WHAT IS BEING ASKED:
For the entries below, the expected answer is the line with "Mini Golf photo 2", the line with "Hon’ble Vice-Chancellor Dr.", and every line between them, exactly as written, and nothing more.

GIVEN RECORDS:
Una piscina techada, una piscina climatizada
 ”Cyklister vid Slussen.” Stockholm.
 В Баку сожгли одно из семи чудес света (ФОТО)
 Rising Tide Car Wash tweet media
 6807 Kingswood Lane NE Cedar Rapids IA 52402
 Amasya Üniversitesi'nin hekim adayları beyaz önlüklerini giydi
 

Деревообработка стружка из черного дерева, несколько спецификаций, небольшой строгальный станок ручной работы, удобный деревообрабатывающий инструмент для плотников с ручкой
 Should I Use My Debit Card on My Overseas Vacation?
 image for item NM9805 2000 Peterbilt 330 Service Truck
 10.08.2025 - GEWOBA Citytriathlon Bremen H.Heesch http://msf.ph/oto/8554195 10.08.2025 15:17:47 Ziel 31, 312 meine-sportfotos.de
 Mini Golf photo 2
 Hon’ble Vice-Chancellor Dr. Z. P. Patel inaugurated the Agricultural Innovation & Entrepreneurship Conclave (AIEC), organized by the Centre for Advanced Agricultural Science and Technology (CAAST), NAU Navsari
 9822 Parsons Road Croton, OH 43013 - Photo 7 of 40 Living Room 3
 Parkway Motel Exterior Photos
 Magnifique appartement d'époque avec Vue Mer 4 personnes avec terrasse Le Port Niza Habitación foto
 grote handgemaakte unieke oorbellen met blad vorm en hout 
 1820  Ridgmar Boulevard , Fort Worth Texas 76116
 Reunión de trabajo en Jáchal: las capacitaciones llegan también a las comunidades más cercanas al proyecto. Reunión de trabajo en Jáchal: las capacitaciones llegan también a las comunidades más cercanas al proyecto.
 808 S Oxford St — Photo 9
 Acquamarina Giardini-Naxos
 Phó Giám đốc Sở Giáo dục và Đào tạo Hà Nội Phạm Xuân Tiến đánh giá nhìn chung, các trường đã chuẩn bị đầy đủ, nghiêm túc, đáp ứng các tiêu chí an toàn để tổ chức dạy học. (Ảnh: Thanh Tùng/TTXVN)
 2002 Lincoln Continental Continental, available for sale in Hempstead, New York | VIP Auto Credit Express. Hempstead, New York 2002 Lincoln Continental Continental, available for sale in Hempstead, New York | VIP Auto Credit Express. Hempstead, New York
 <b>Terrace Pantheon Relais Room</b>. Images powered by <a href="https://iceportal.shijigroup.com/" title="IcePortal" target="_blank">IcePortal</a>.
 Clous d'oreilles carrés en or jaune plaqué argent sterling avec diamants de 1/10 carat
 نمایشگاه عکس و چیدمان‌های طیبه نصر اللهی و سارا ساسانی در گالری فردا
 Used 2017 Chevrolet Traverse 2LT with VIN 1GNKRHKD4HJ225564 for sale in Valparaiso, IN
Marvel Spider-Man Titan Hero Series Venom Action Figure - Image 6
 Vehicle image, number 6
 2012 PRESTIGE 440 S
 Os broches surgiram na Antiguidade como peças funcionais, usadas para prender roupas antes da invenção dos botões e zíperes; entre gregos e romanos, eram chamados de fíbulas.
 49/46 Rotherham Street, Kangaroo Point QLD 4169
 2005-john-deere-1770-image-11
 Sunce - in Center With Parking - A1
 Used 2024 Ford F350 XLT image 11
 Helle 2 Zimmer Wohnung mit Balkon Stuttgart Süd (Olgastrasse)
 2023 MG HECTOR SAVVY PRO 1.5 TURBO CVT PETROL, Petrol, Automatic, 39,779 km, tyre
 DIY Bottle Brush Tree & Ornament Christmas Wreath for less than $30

RESULT:
 Mini Golf photo 2
 Hon’ble Vice-Chancellor Dr. Z. P. Patel inaugurated the Agricultural Innovation & Entrepreneurship Conclave (AIEC), organized by the Centre for Advanced Agricultural Science and Technology (CAAST), NAU Navsari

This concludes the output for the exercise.